Let's take another look at our original trig diagram from above.

In the dot product function \(|a|cos(\theta)|b|\), \(\theta\) actually means the angle between the vectors a and b. Given this information I think it makes sense that our b vector is the x-axis.

So we have finally arrived at a representation for our rotated axes!

If we make the first row of our function matrix the x-axis ray, and the second row the y-axis ray, we can use that matrix to "rotate" the point.

$$ \begin{align} \color{blue}{A_2} &= (A_1.x, A_1.y) \begin{pmatrix} \color{red}{X.x} & \color{green}{Y.x} \\ \color{red}{X.y} & \color{green}{Y.y} \end{pmatrix} \\ &= (A_1.x \cdot {\color{red}X.x} + A_1.y \cdot {\color{red}X.y}, A_1.x \cdot {\color{green}Y.x} + A_1.y \cdot {\color{green}Y.y}) \\ & \phantom{=} \quad \mbox{^ the above is our dot product ^} \\ & \phantom{=} \qquad \mbox{which is why this results in rotation} \end{align} $$ $$ \begin{align} \color{blue}{A_2} &= (0.6, 0.3) \begin{pmatrix} \color{red}{0.86} & \color{green}{0.51} \\ \color{red}{\mbox{-}0.51} & \color{green}{0.86} \end{pmatrix} \\ &= (0.6 \cdot {\color{red}0.86} + 0.3 \cdot {\color{red}\mbox{-}0.51}, 0.6 \cdot {\color{green}0.51} + 0.3 \cdot {\color{green}0.86}) \\ &= (0.51 + \mbox{-}0.15, 0.15 + 0.51)\\ &= \color{blue}(.36, 0.56) \end{align} $$

Finding Your Axes

Now all we need is a way to take our angle of rotation, and convert that into some new axes. This is pretty simple, because we just need to do trig to it again. If you've ever had to find points on a unit circle, you'll be familiar with this math.
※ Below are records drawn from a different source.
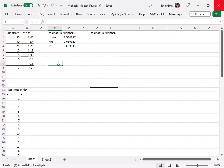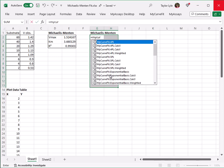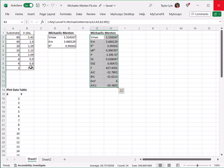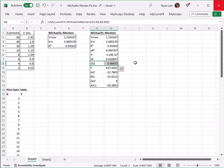If we'd like to see additional goodness measures, including the squared sum of error, we can highlight more cells when calculating the curve fit parameters. I'll highlight this block of cells, and again enter equals MyCurveFit, select the Michaelis-Menten option, highlight my calibrator X and Y values, and press Control-Shift-Enter. You can see the additional goodness measures that have been added, including the SSE, which is quite small for this dataset.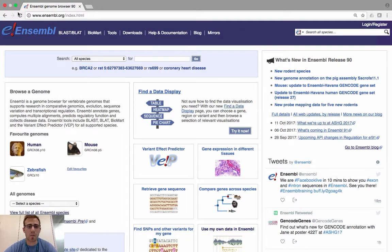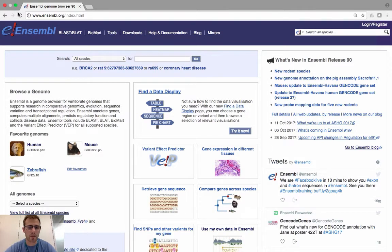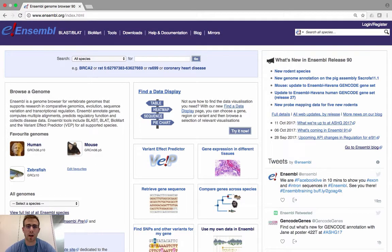What we want to do is show you how to access, view and download the exon and intron sequences with Ensembl. In our example, we're going to use the ESPN gene as our gene of interest, and we're going to look at a particular transcript of that gene and try to find and download the exon and intron sequences.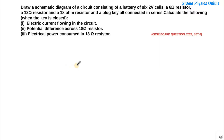Hello students, welcome back. Let's have a look at the next question. The next question is: draw a schematic diagram of a circuit consisting of a battery of 6 2-volt cells, a 6-ohm resistor, a 12-ohm resistor, and an 18-ohm resistor, and a plug key, all connected in series.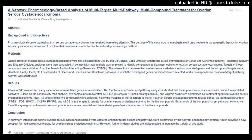Methods: Genes acting on ovarian serous cystadenocarcinoma were first collected from GEPIA and DisGeNET. Gene Ontology Annotation, Kyoto Encyclopedia of Genes and Genomes Pathway, Reactome Pathway, and Disease Ontology analyses were then conducted. A connectivity map analysis was employed to identify compounds as treatment options for ovarian serous cystadenocarcinoma. Targets of these compounds were obtained from the Search Tool for Interacting Chemicals (STITCH). The intersections between the ovarian serous cystadenocarcinoma-related genes and the compound targets were identified.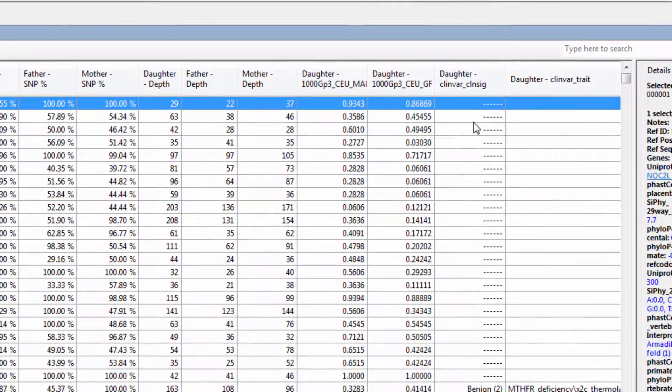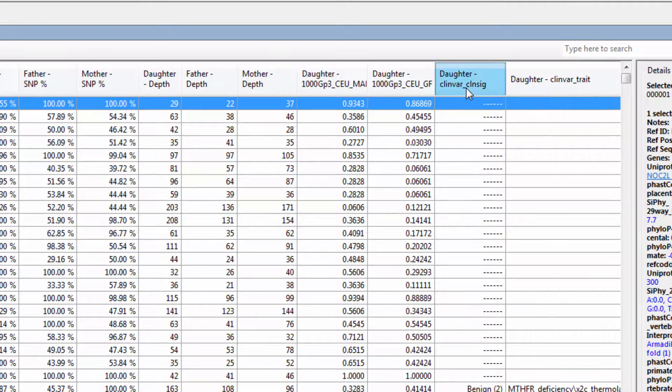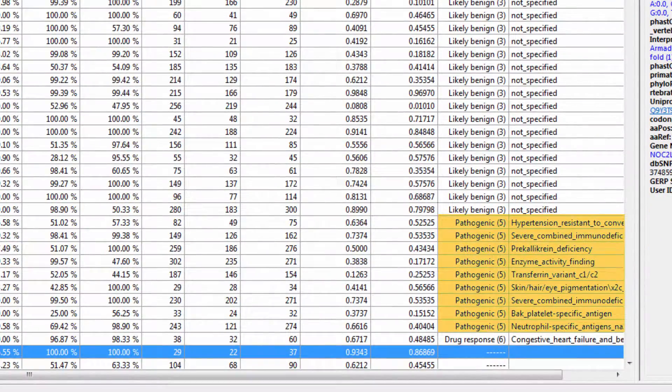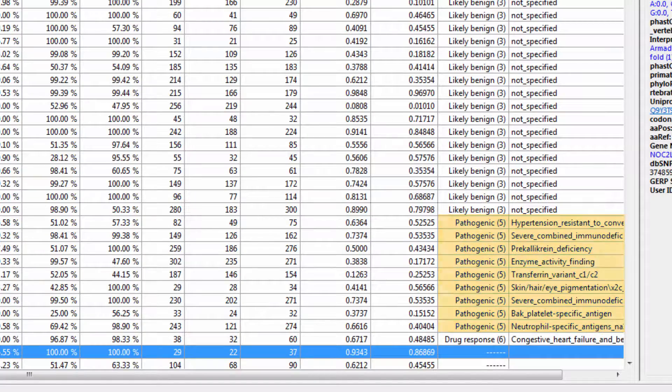So, for example, if I sort on this ClinVar Clinical Significance column, I see variants that are likely pathogenic sorted together.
Say we want to define our x-axis as rotated 30 degrees clockwise from where it normally is. We know our hypotenuse has to have a length of 1 to satisfy our decision above. So we can say that: $$ \begin{aligned} cos(\theta)&=\frac{adjacent}{hypotenuse} & sin(\theta)&=\frac{opposite}{hypotenuse} \\ &=\frac{x}{1} & &=\frac{y}{1} \\ cos(\theta)&=x & -sin(\theta)&=y \end{aligned} $$

the y formula is negative because we said this was a rotation of +30 degrees, but the y coord of our x axis actually went down.

The same principle applies to finding the y-axis. So our formula for that looks like: $$x=sin(\theta) \qquad and \qquad y=cos(\theta)$$

Putting it All Together

Now we've got all of our pieces. We just plug our formulas for the x and y axes into our function matrix. And walla: working math!